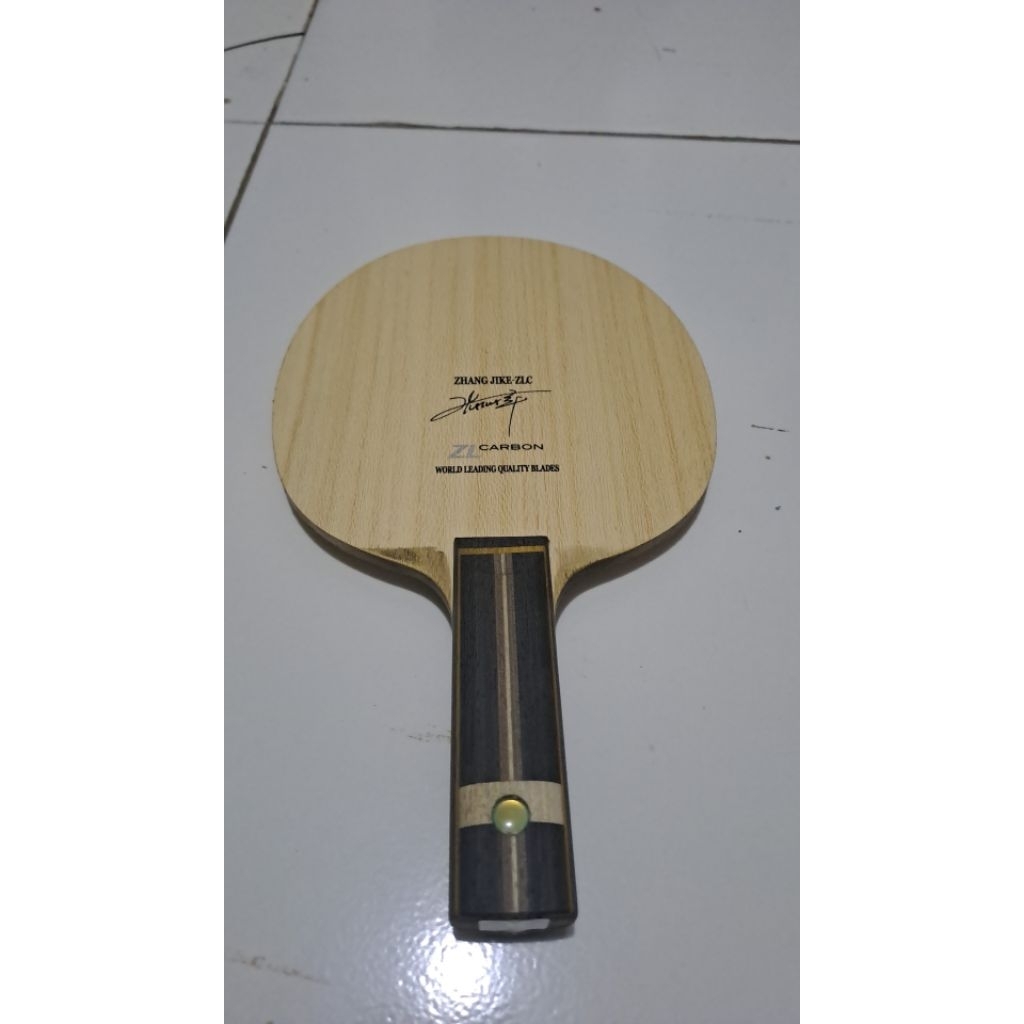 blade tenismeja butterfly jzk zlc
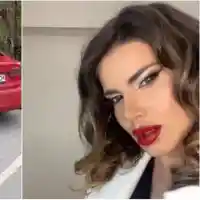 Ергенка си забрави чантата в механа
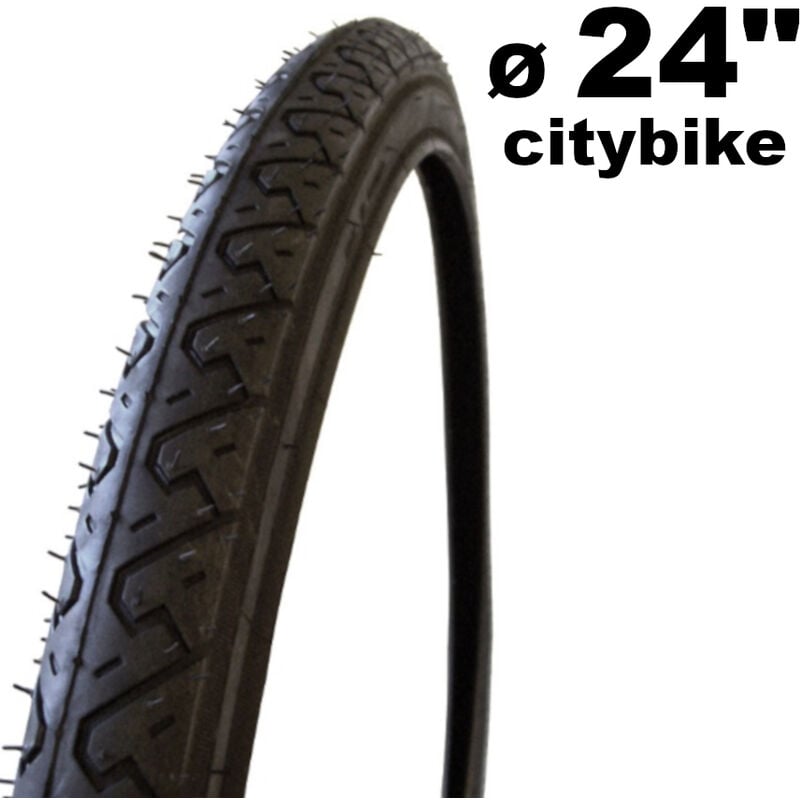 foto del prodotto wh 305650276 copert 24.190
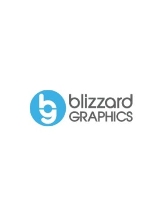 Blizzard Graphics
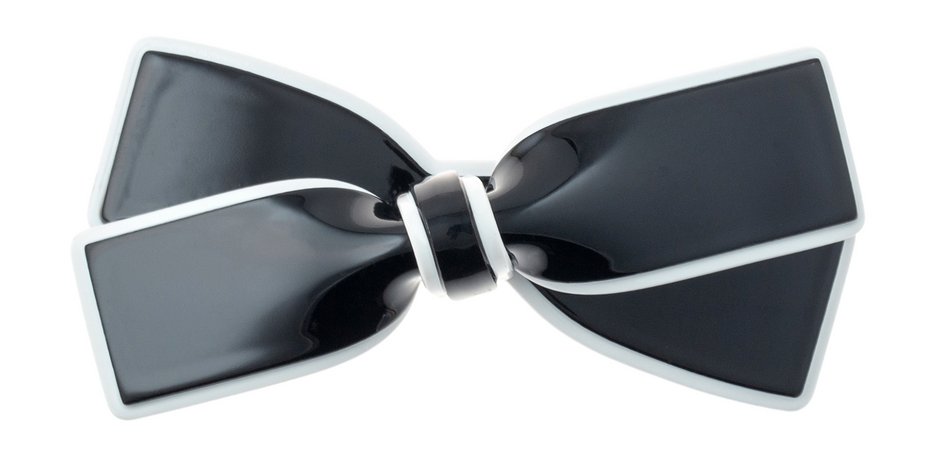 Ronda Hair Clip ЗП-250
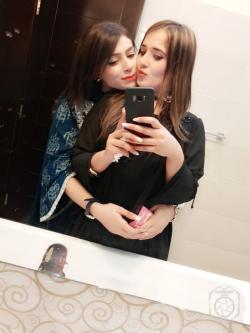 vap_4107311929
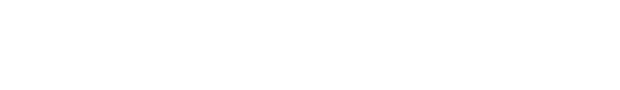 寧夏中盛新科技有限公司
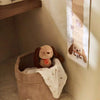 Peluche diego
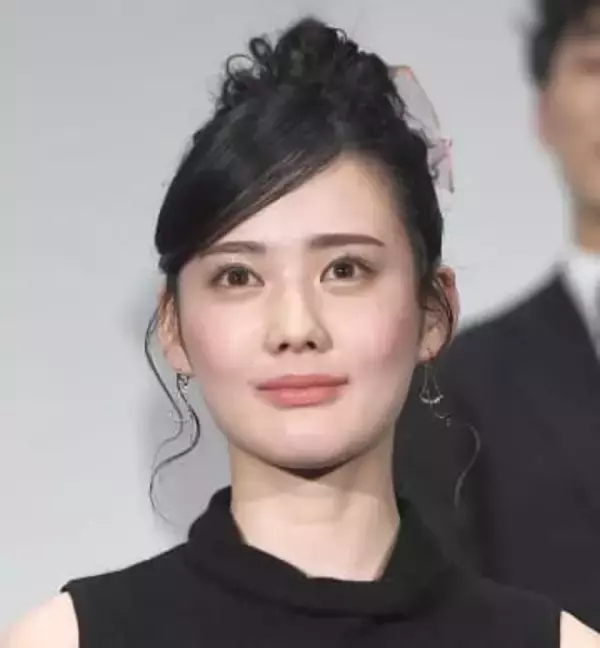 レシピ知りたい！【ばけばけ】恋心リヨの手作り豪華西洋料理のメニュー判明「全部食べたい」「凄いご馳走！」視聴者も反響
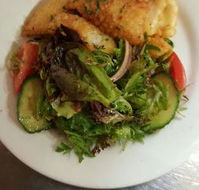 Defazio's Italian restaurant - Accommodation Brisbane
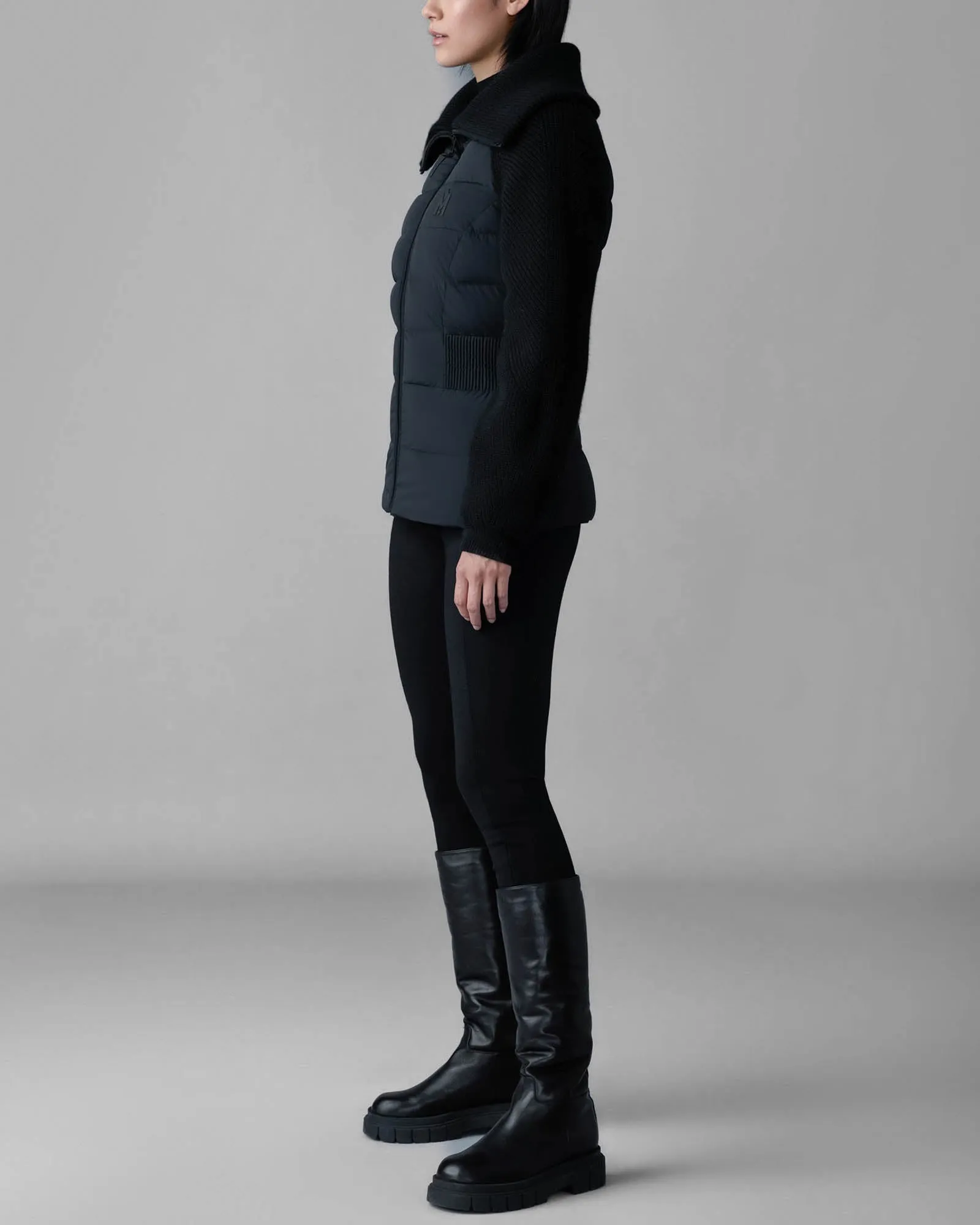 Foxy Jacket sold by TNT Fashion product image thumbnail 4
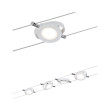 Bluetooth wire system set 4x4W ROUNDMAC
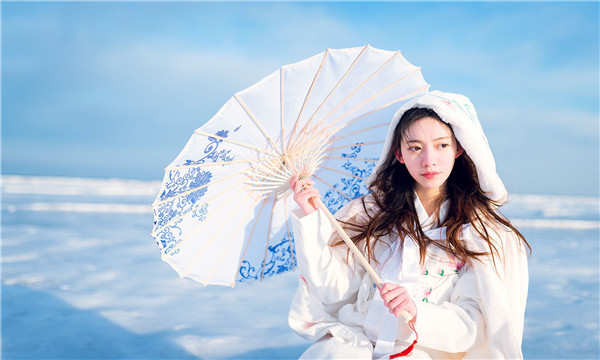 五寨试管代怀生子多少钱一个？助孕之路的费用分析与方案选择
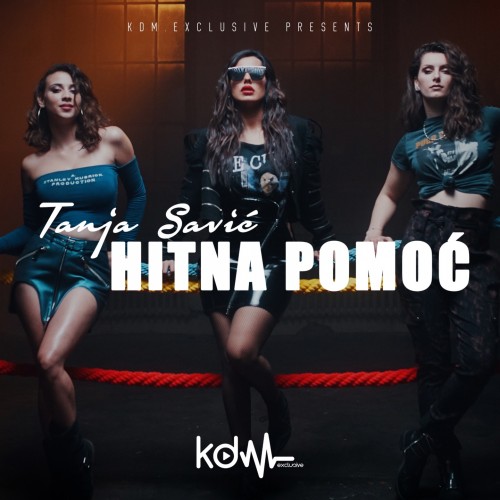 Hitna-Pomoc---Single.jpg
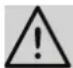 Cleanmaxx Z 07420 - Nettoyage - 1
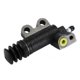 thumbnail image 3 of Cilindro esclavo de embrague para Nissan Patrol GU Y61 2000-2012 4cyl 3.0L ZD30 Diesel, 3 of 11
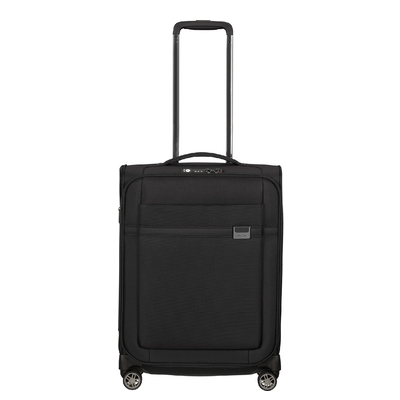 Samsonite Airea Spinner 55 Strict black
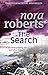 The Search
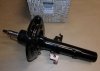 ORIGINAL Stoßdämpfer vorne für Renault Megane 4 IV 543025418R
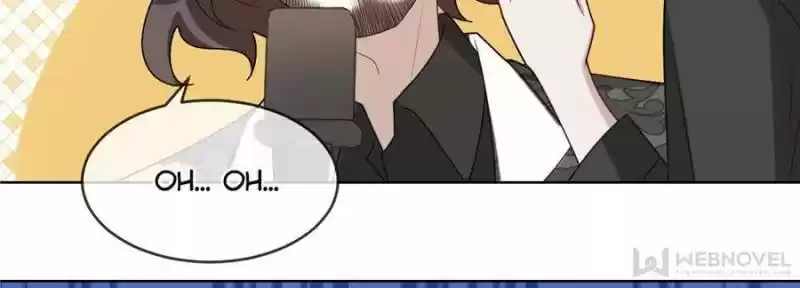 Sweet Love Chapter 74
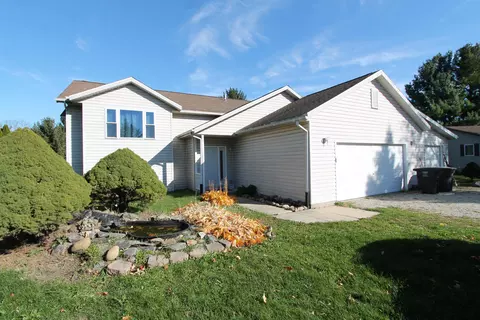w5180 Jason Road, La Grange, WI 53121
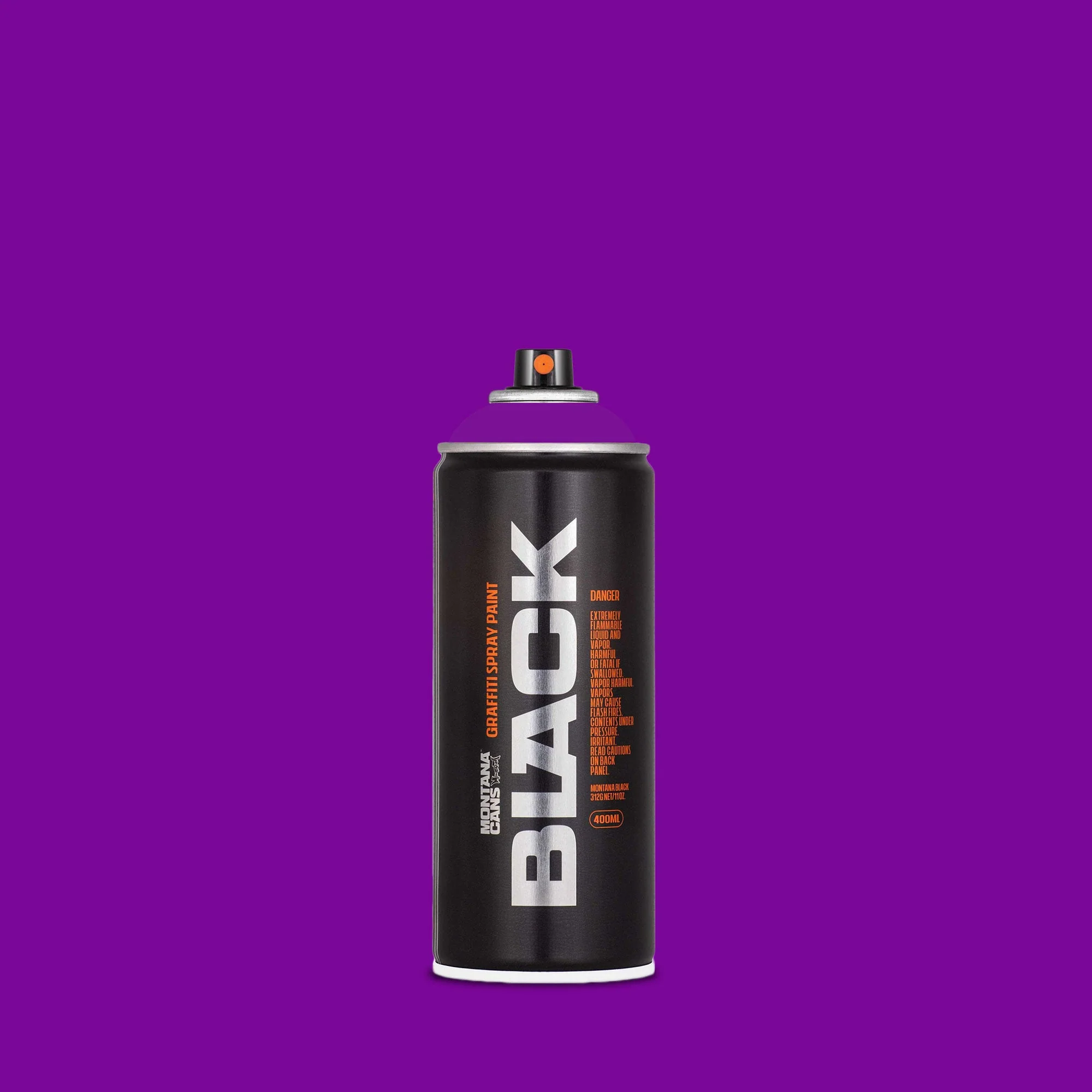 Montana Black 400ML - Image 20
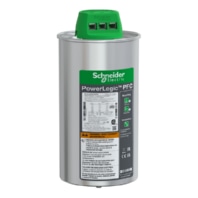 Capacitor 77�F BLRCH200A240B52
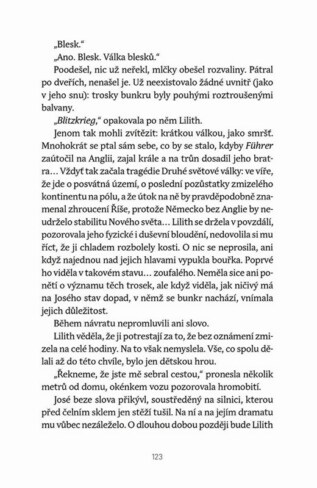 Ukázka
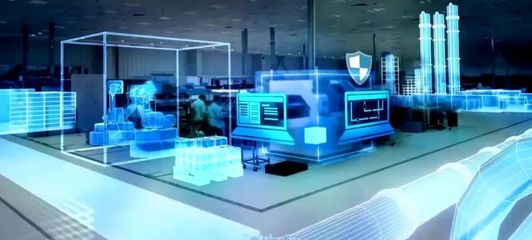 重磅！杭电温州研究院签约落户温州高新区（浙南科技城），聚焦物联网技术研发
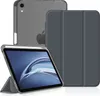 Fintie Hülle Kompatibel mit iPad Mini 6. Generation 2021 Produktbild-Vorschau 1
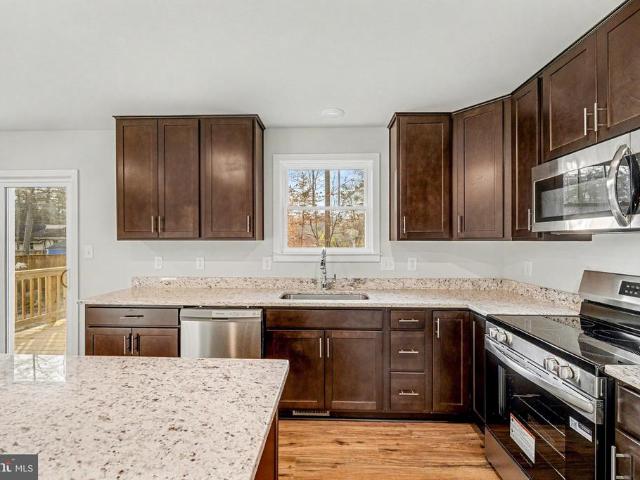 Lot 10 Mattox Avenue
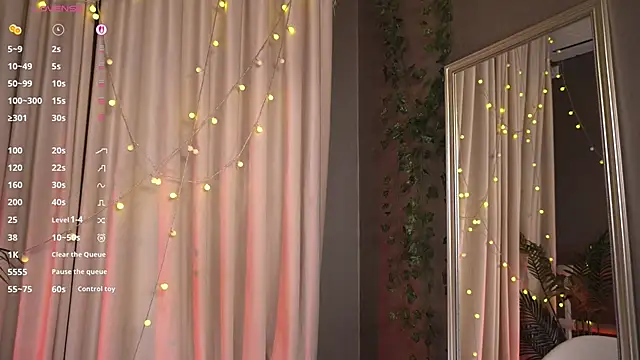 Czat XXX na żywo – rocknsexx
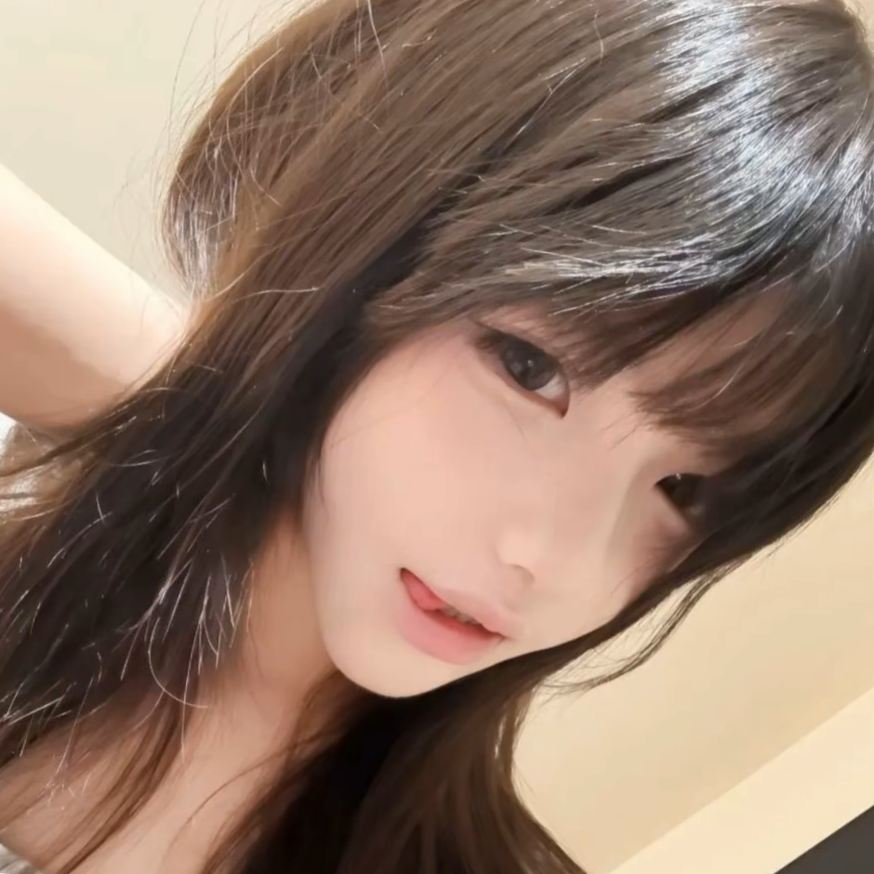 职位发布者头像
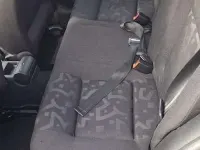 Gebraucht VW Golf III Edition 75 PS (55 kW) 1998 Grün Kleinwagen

┄┄┄┄┄┄┄┄┄┄┄┄┄┄┄┄┄┄┄┄

# Task description
Above are records; write out the lines from the one with "vap_4107311929" down to the one with "w5180 Jason Road, La Grange, WI 53121", exactly, leaving the pictures out.

# Result of this exercise
 vap_4107311929
 寧夏中盛新科技有限公司
 Peluche diego
 レシピ知りたい！【ばけばけ】恋心リヨの手作り豪華西洋料理のメニュー判明「全部食べたい」「凄いご馳走！」視聴者も反響
 Defazio's Italian restaurant - Accommodation Brisbane
 Foxy Jacket sold by TNT Fashion product image thumbnail 4
 Bluetooth wire system set 4x4W ROUNDMAC
 五寨试管代怀生子多少钱一个？助孕之路的费用分析与方案选择
 Hitna-Pomoc---Single.jpg
 Cleanmaxx Z 07420 - Nettoyage - 1
 thumbnail image 3 of Cilindro esclavo de embrague para Nissan Patrol GU Y61 2000-2012 4cyl 3.0L ZD30 Diesel, 3 of 11
 Samsonite Airea Spinner 55 Strict black
 The Search
 ORIGINAL Stoßdämpfer vorne für Renault Megane 4 IV 543025418R
 Sweet Love Chapter 74
w5180 Jason Road, La Grange, WI 53121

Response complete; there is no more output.